Exercise data:
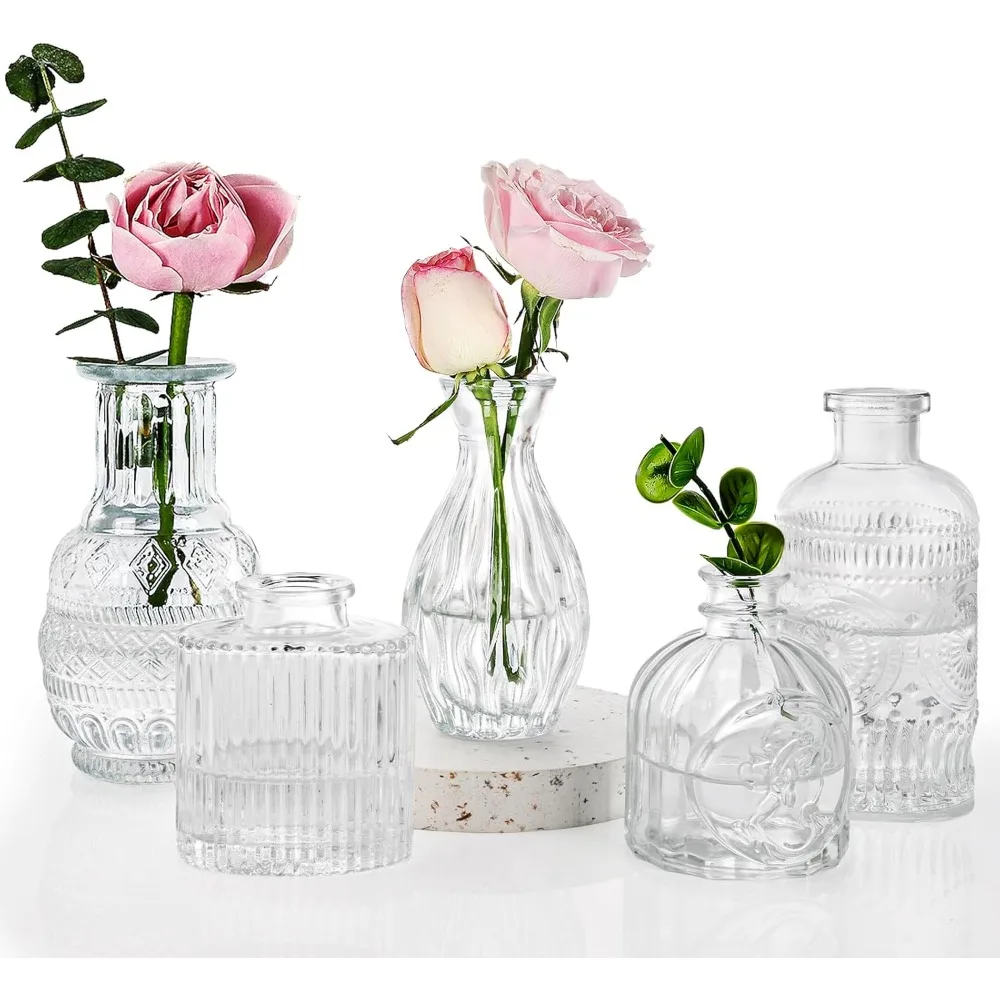 Set of 5 Bud Vases, Small Vase for Flowers, Glass Vase for Home Decor, Wedding Decorations, Clear Flower Vases for Centerpieces
Set of 5 Bud Vases, Small Vase for Flowers, Glass Vase for Home Decor, Wedding Decorations, Clear Flower Vases for Centerpieces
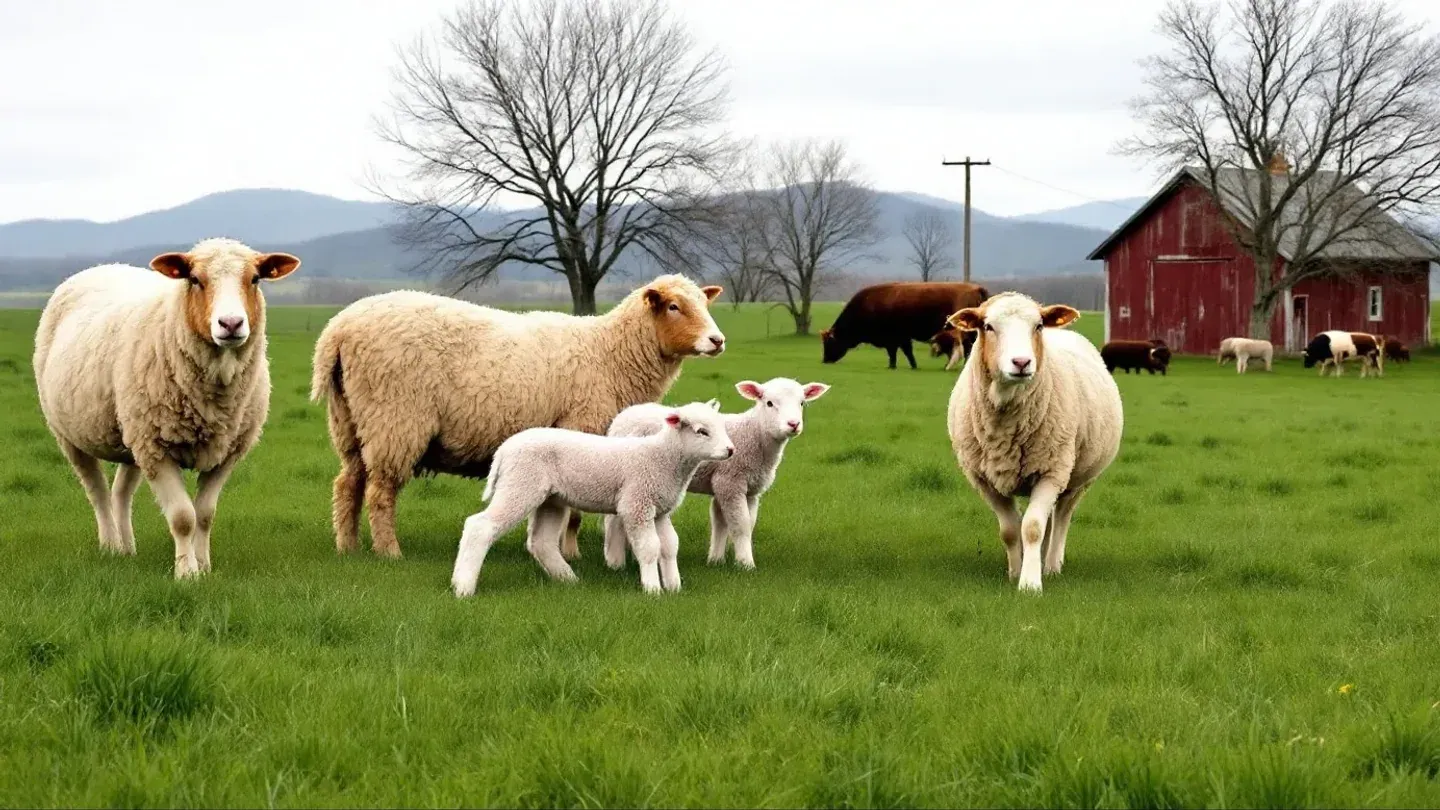 Ewes graze with their young spring lambs on fresh green pasture in Virginia's Shenandoah Valley.
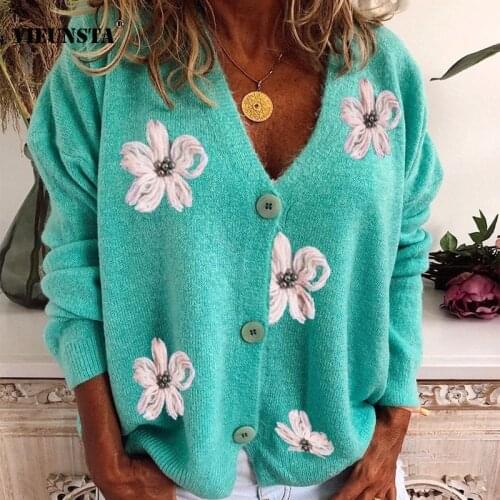 Vintage Fashion Daisy Print Sweater Cardigan Women Sexy Deep V Neck Button Open Stitch Tops Autumn Winter Loose Knitted Sweaters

Task requirements: Print every line above exactly. Leave the pictures out.

Task solution:
 Set of 5 Bud Vases, Small Vase for Flowers, Glass Vase for Home Decor, Wedding Decorations, Clear Flower Vases for Centerpieces
Set of 5 Bud Vases, Small Vase for Flowers, Glass Vase for Home Decor, Wedding Decorations, Clear Flower Vases for Centerpieces
 Ewes graze with their young spring lambs on fresh green pasture in Virginia's Shenandoah Valley.
 Vintage Fashion Daisy Print Sweater Cardigan Women Sexy Deep V Neck Button Open Stitch Tops Autumn Winter Loose Knitted Sweaters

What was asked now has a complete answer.